Someone wrote me this about threads:

"Thread running depends on the VM Scheduler and there is NO guaranteed a Thread will run and pick by the VM Scheduler despite you have started the Thread with a call x.start(). When you started the Thread it's just in a RUNNABLE STATE, reread the chapter until you fully understood"

(Chapter 9 Thread - Sun Certified Programmer for Java 6 - Study Guide (310-065) - Kathy Sierra and Bert Bates - 2008)

It is the red sentence that make me really confused. Actually, I read that chapter several times, and I could not read this kind of affirmation in all the chapter. What I could read is this,

From the book (pages 713 and 714)



And the authors wrote this:

Nothing is guaranteed in the preceding code EXCEPT this:

Each thread will start, and each thread will run to completion.



I try to explain myself, what I understood from the sentence in the book: Each thread will start, and each thread will run to completion

$java ManyNames

After this call, main method from the class ManyNames is invoked and the JVM execute the code in that method sequentially. When the main thread calls one.start(), the one thread (Java thread) is mapped with an Operative System thread (well, in most implementations), but the important thing, the one thread (Java thread) gets the RUNNABLE state waiting for a chance to get the RUNNING state an start the execution of the run() method of its target Runnable. So, at this point we have two thread that can be chosen to get the RUNNING state, main thread and the thread one. Assume main thread executes main method to the end. In this case, the calls two.start() and three.start() are invoked. Main thread finishes, and we have three alive threads waiting for its turn to get the RUNNING state. For me run to completion means that all these threads will print three times the sentence:

"Run by [THREAD NAME: Fred, Lucy or Ricky], x is [1, 2 or 3]"

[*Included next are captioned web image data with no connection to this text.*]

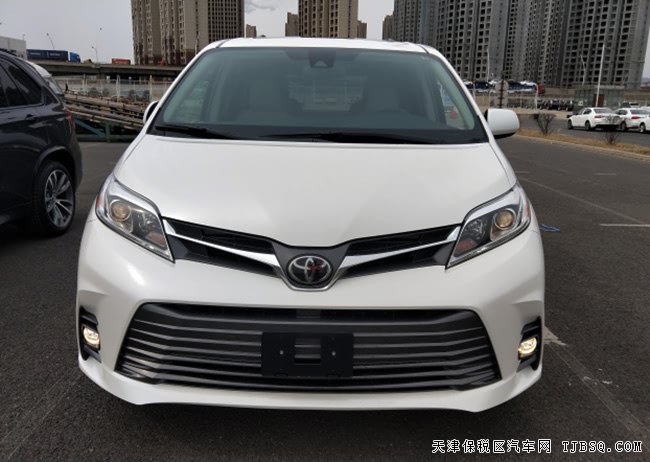 2018款丰田塞纳3.5L四驱XLE版 天窗/雷测/18轮现车59万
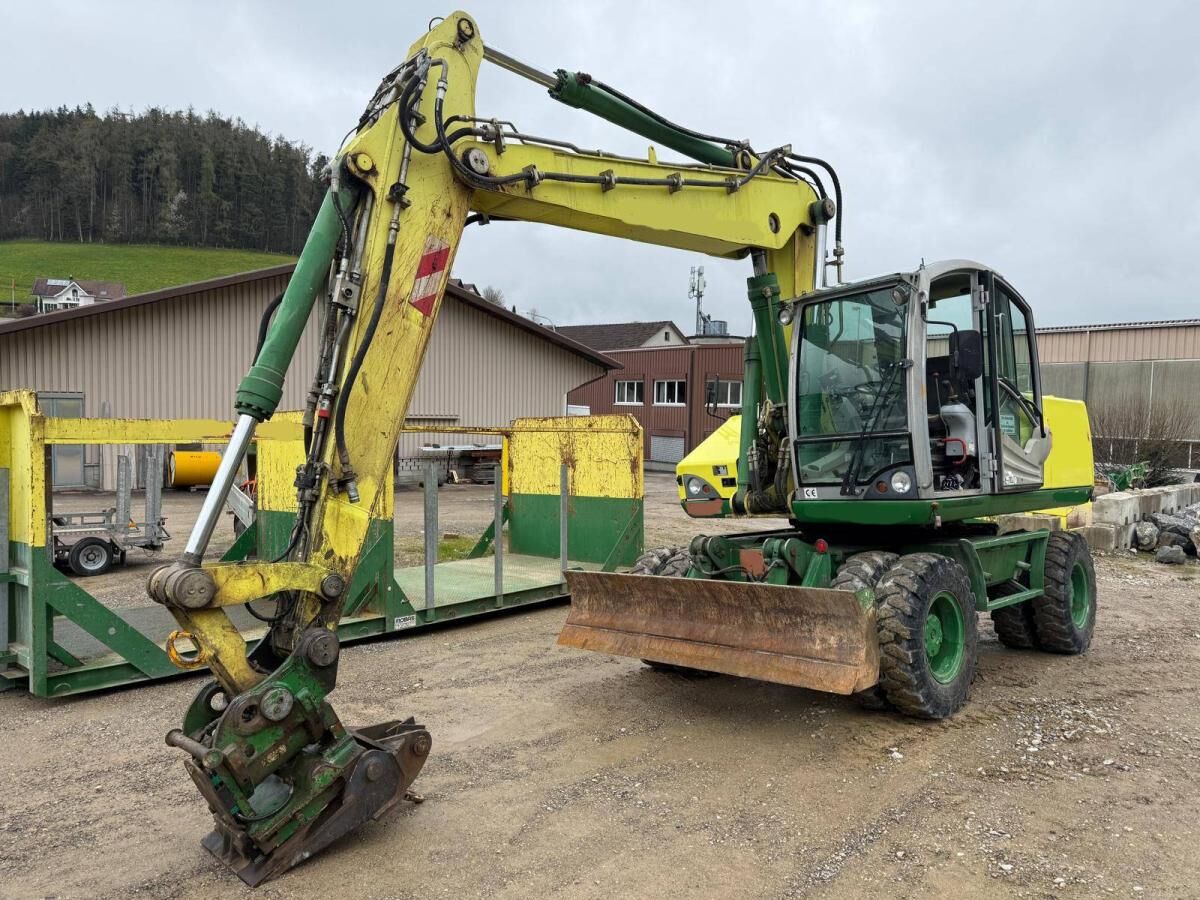 2006 Atlas 1905 wheel excavator, front three-quarter view 2006 Atlas 1905 wheel excavator, front three-quarter view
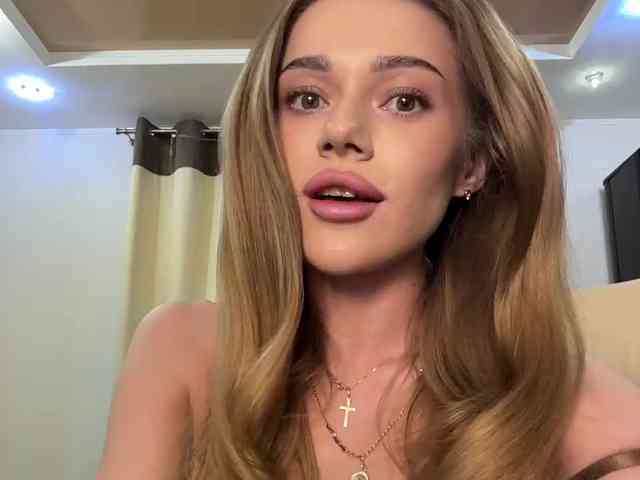 KATIOIIIA webcam
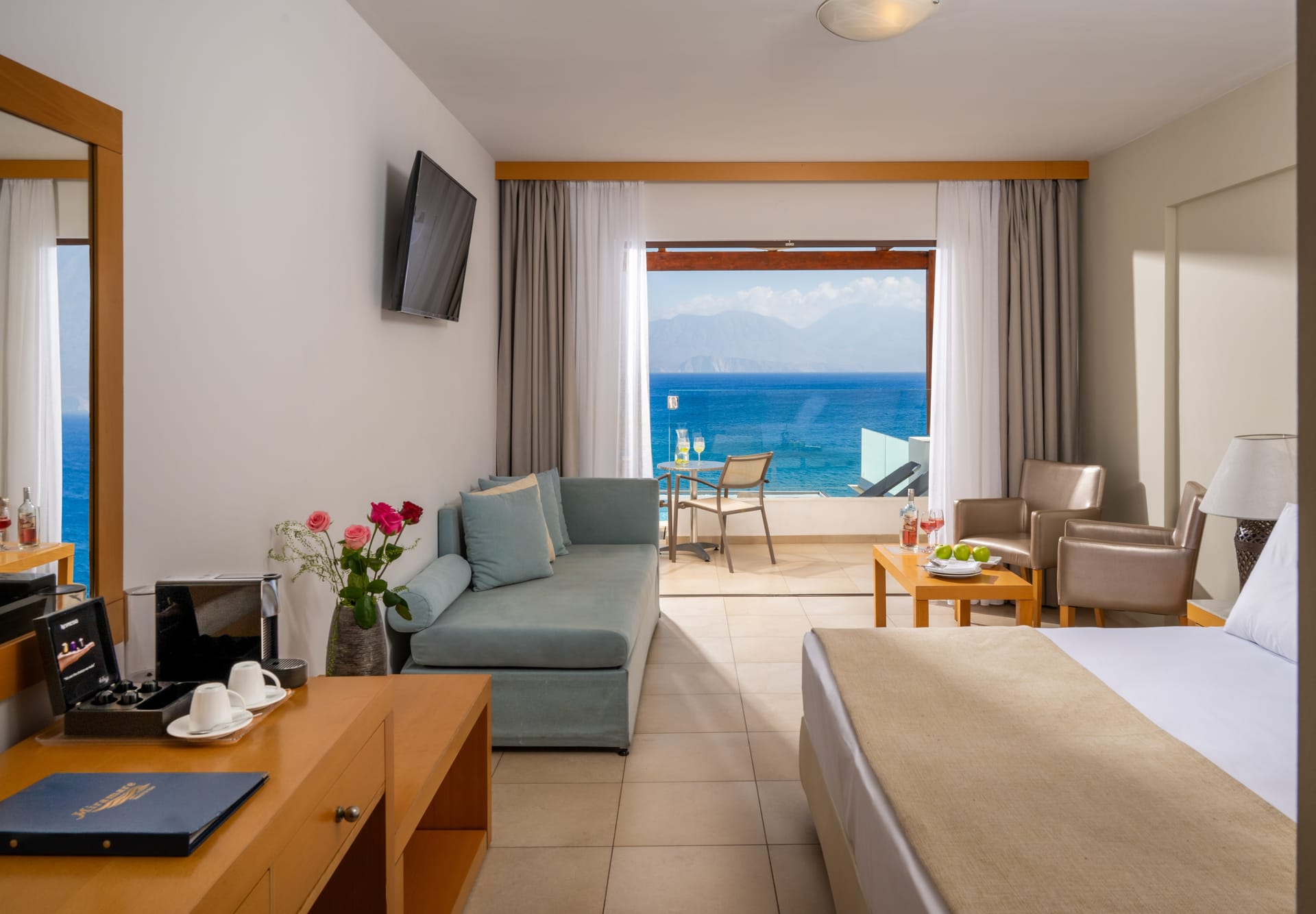 Frontal Deluxe Room with Sea View &amp; Private Pool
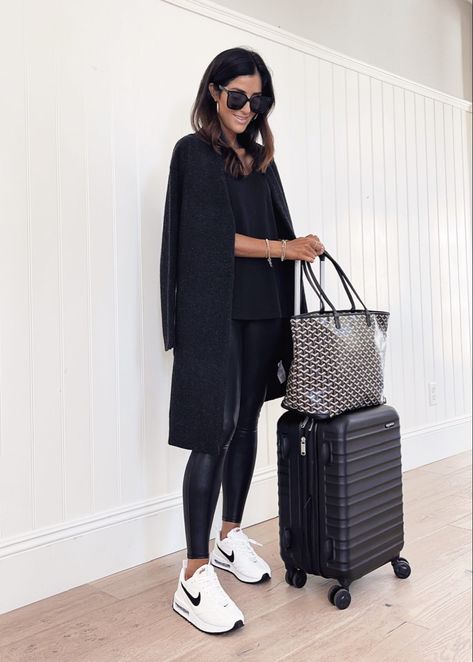 Stylin By Aylin, Cute Airport Outfit, Airport Chic, Chic Travel Outfit, Testosterone Boosting Foods, Plane Outfit, Comfortable Travel Outfit, Airport Travel Outfits, Travel Attire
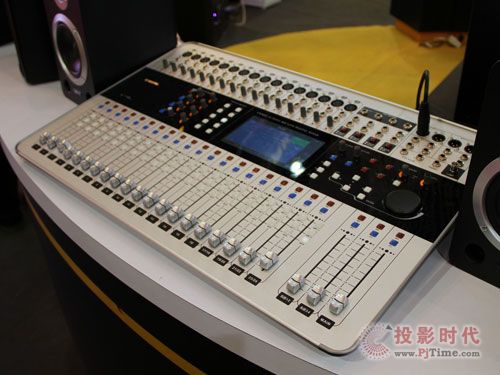 寶業恒展位CD2-01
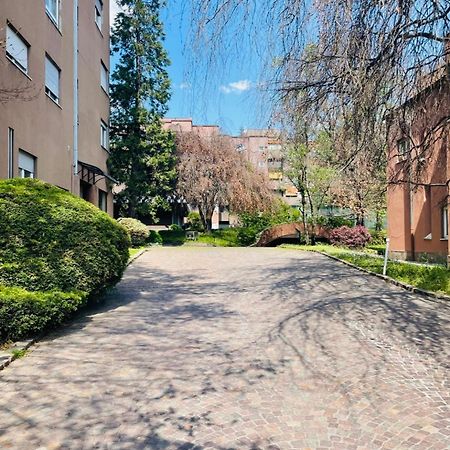 Lovely Apartment In Галарате Екстериор снимка
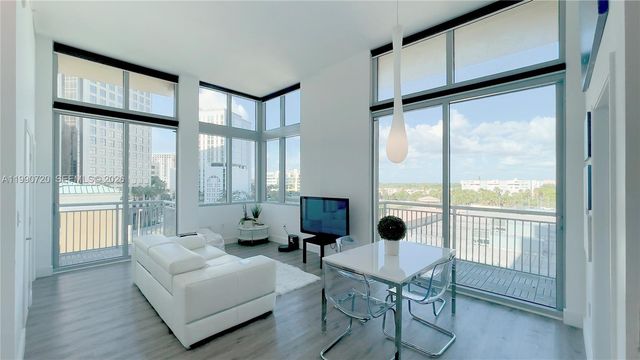 9066 SW 73rd Ct 501, Miami, FL 33156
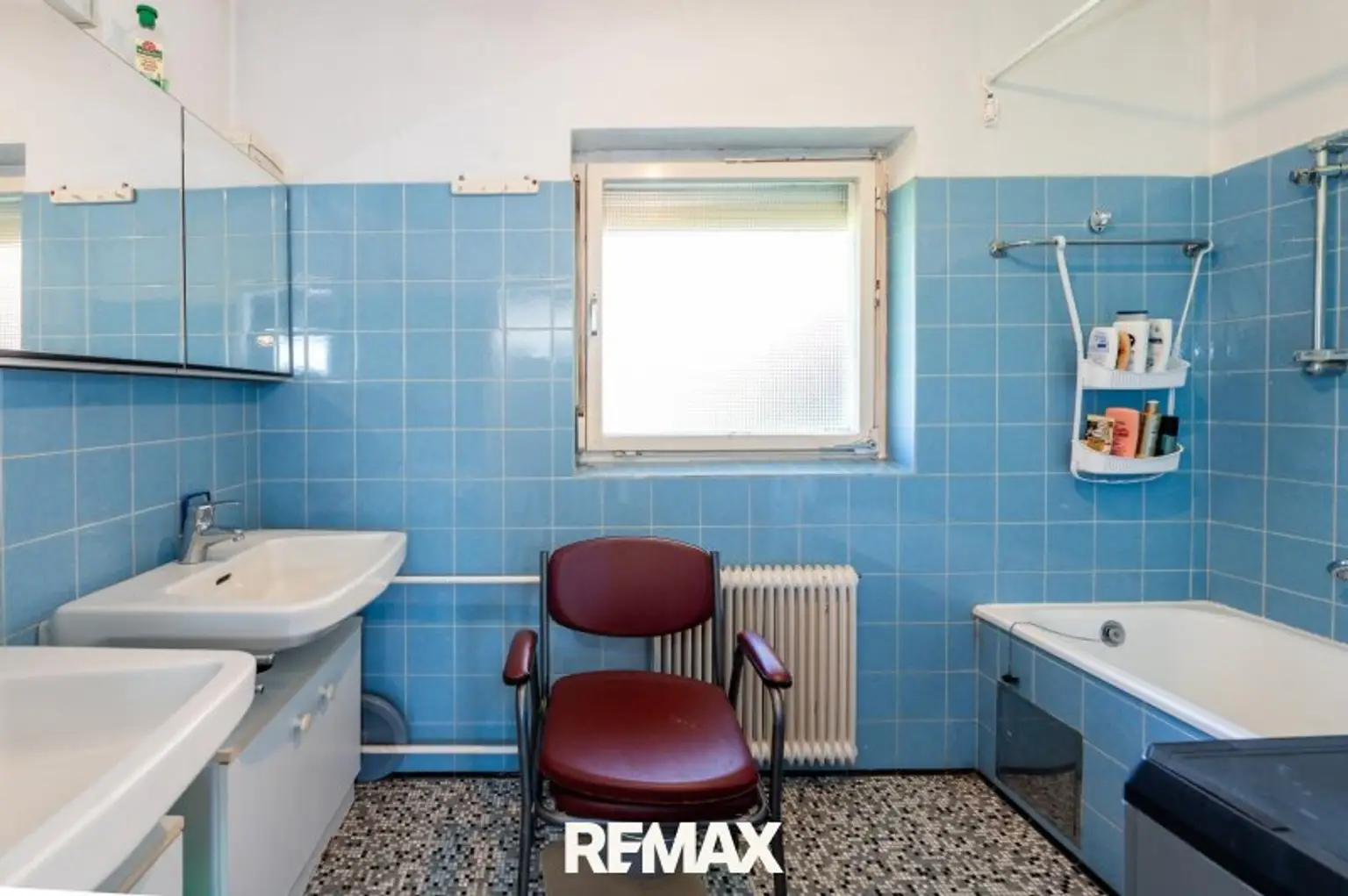 Badezimmer OG Zubau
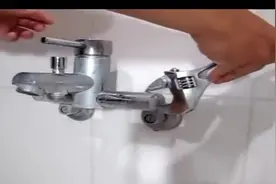 师傅教你如何拆卸淋浴水龙头机及止水弯头，步骤清洗简单视频封面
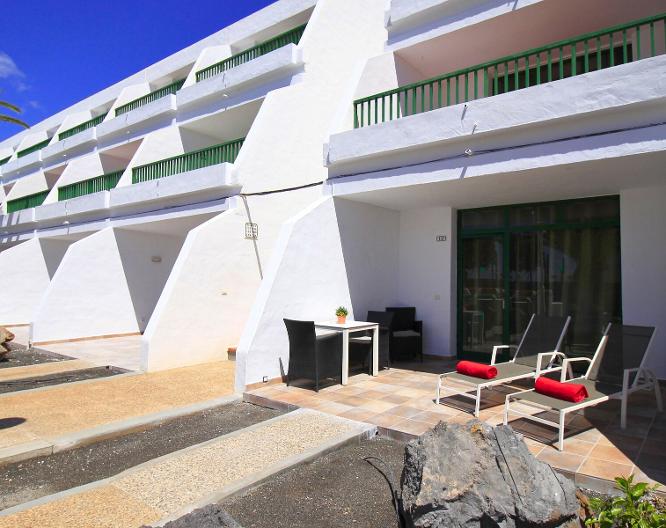 Apartamentos La Peñita - Außenansicht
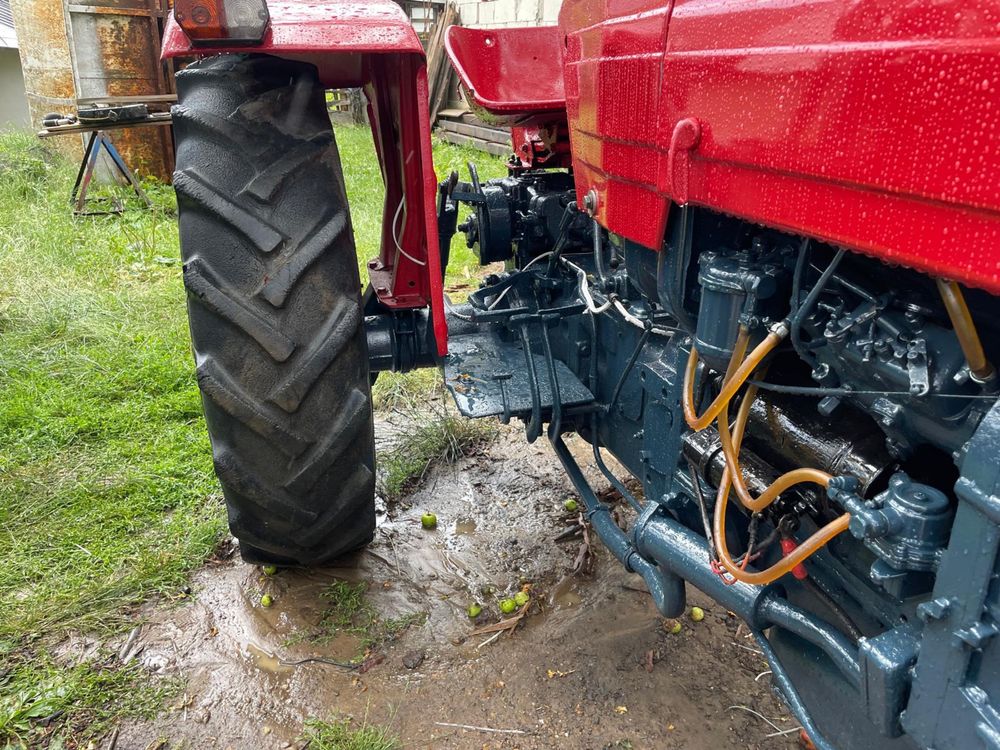 Vand Tractor UNIVERSAL445 - D115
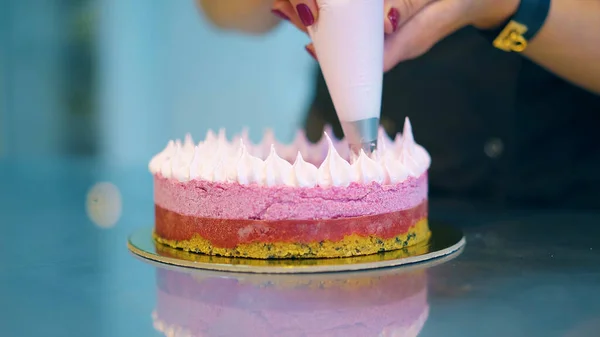 Ciasto Kremem Talerzu — Zdjęcie stockowe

And all of them will finish their run() method (AS THE CODE STANDS). One possible output could be:
Run by Fred, x is 1
Run by Lucy, x is 1
Run by Lucy, x is 2
Run by Fred, x is 2
Run by Lucy, x is 3
Run by Fred, x is 3
Run by Ricky, x is 1
Run by Ricky, x is 2
Run by Ricky, x is 3

But this order is not guaranteed.

So, my question is simple, if we execute THIS CODE (without any changed) in ANY Java Virtual Machine, is it GUARANTEED that all started threads (main thread, Fred, Lucy and Ricky) will run to completion OR I have to believe what the guy wrote me: there is NO guaranteed a Thread will run and pick by the VM Scheduler despite you have started the Thread with a call x.start()?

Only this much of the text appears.